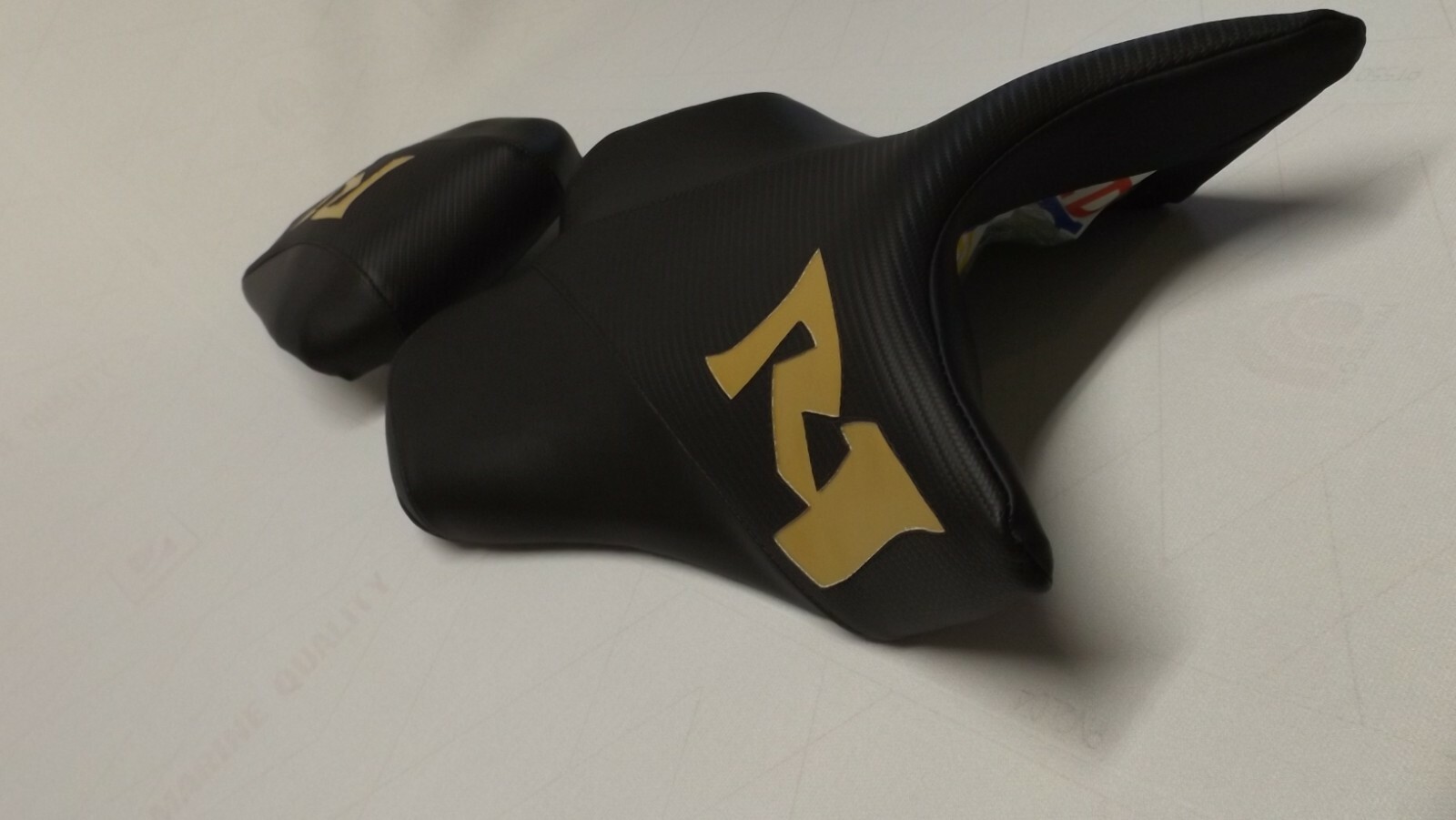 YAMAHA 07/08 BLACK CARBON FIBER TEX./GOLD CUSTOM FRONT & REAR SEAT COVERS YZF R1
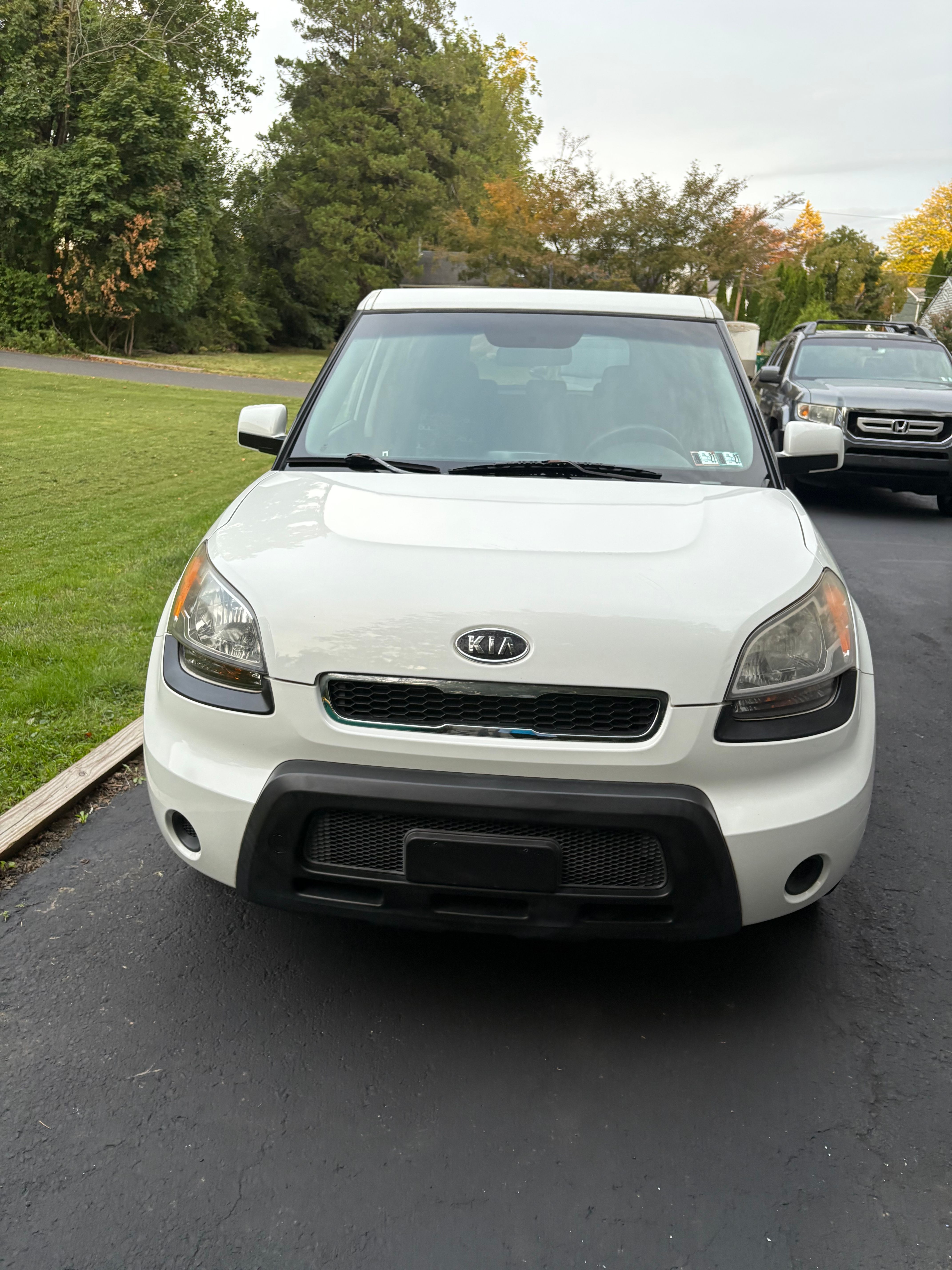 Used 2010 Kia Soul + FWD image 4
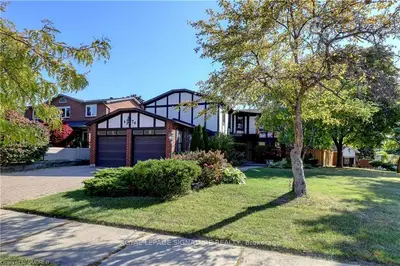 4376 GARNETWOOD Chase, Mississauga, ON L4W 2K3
########
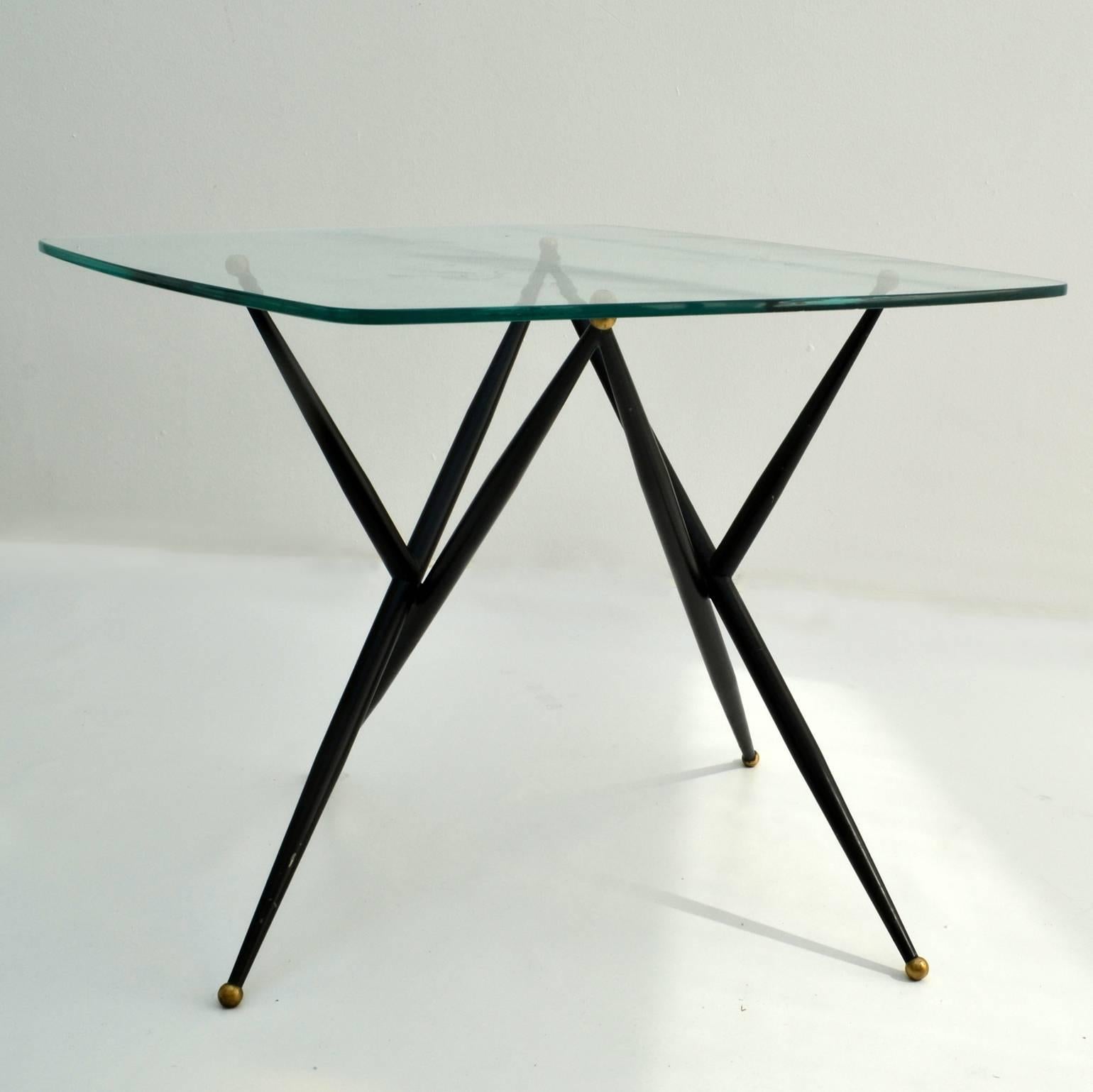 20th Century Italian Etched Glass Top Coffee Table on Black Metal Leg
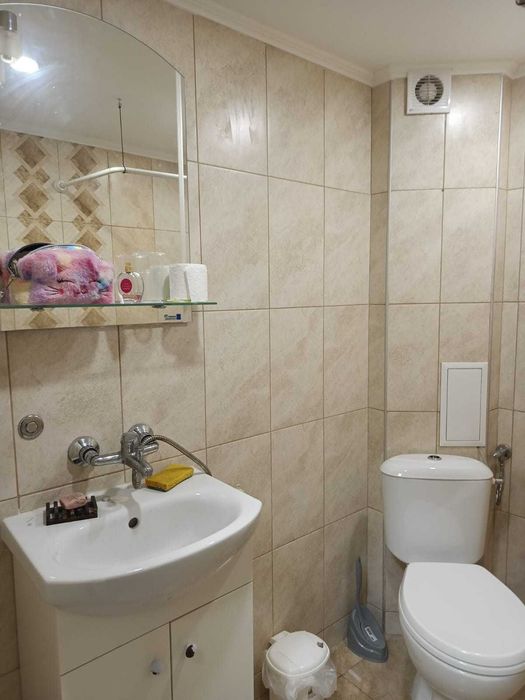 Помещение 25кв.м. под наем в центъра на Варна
########
**Task instructions**
Look above and copy only the lines from the one holding "Used 2010 Kia Soul + FWD image 4" to the one holding "4376 GARNETWOOD Chase, Mississauga, ON", both included, exactly, minus the pictures.

**Written response**
 Used 2010 Kia Soul + FWD image 4
 4376 GARNETWOOD Chase, Mississauga, ON L4W 2K3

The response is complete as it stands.